■ **What you have to do**: Only one span of the material below is wanted. Output it exactly, from the line with "Hi I'm Bill" through the line with "This is a quick", without any pictures.

■ **Data extracts**:
▶

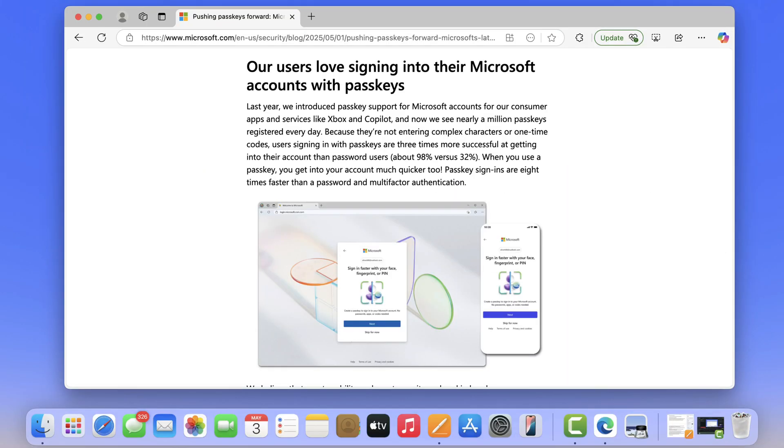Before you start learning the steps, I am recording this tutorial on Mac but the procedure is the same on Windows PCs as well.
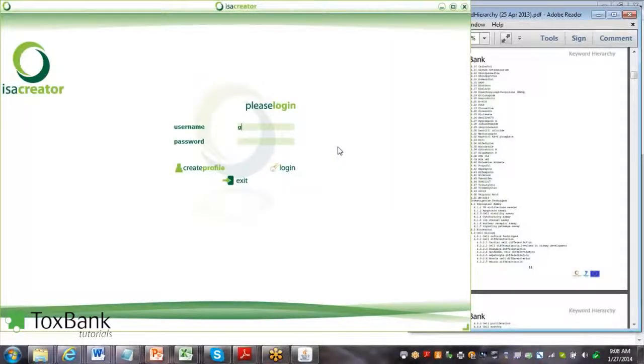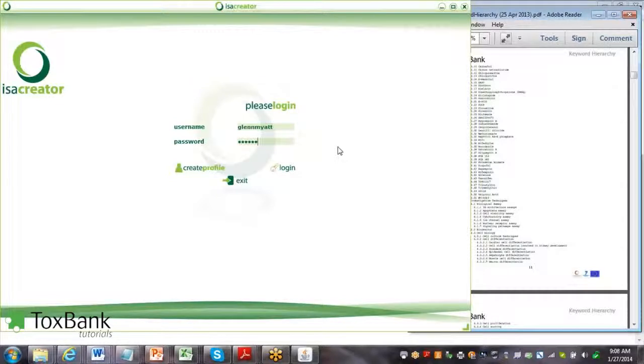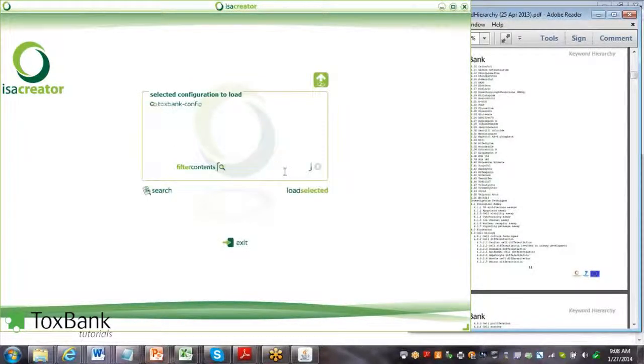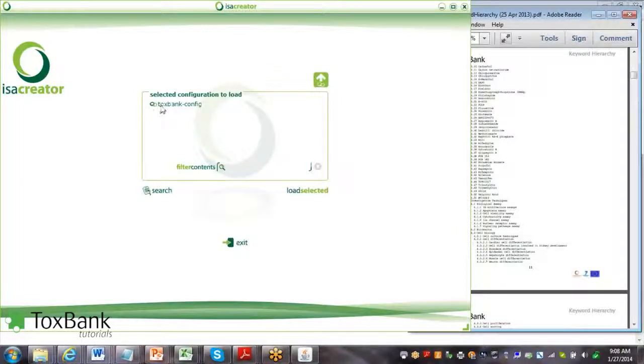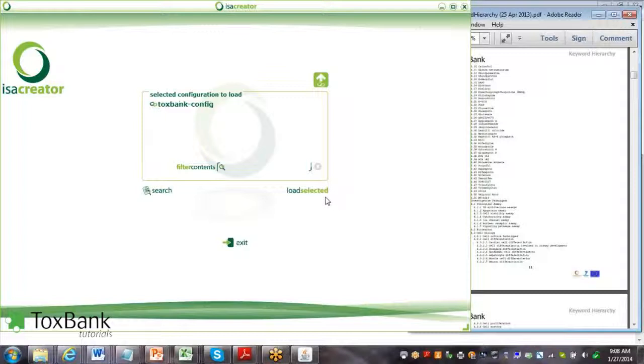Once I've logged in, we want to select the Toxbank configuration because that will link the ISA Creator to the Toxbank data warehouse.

◀
▶

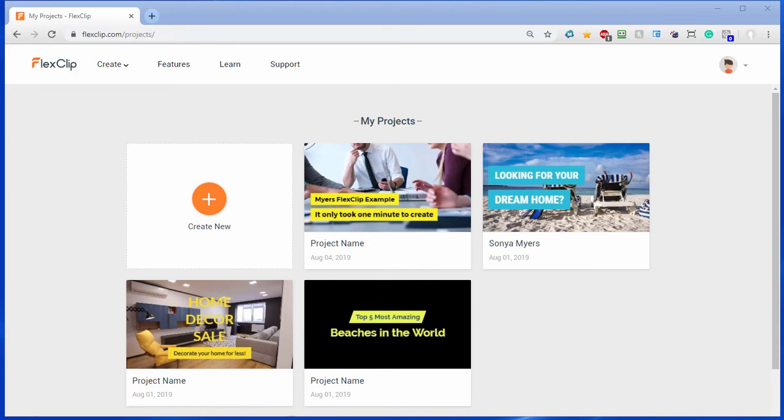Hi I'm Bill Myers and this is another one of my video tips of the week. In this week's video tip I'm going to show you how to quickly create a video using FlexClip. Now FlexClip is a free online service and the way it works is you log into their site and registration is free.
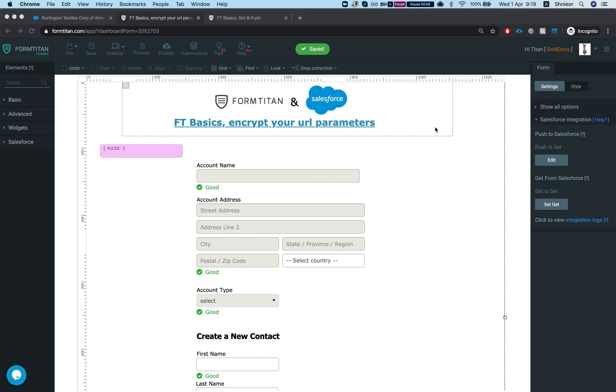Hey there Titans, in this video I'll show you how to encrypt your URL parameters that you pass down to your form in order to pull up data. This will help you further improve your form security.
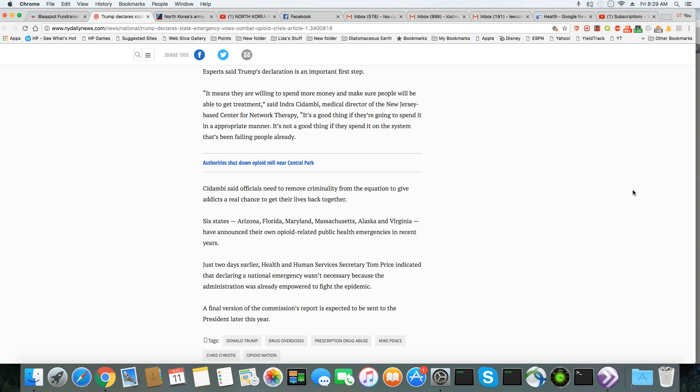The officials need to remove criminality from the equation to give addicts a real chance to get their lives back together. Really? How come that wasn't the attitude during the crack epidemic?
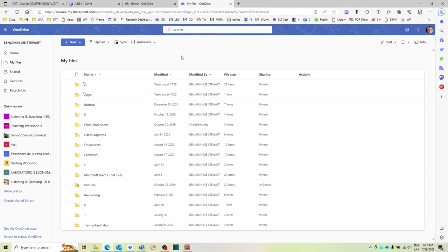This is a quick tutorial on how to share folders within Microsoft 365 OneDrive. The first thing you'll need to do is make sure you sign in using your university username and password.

◀

■ **Output of the task**:
Hi I'm Bill Myers and this is another one of my video tips of the week. In this week's video tip I'm going to show you how to quickly create a video using FlexClip. Now FlexClip is a free online service and the way it works is you log into their site and registration is free.
Hey there Titans, in this video I'll show you how to encrypt your URL parameters that you pass down to your form in order to pull up data. This will help you further improve your form security.
The officials need to remove criminality from the equation to give addicts a real chance to get their lives back together. Really? How come that wasn't the attitude during the crack epidemic?
This is a quick tutorial on how to share folders within Microsoft 365 OneDrive. The first thing you'll need to do is make sure you sign in using your university username and password.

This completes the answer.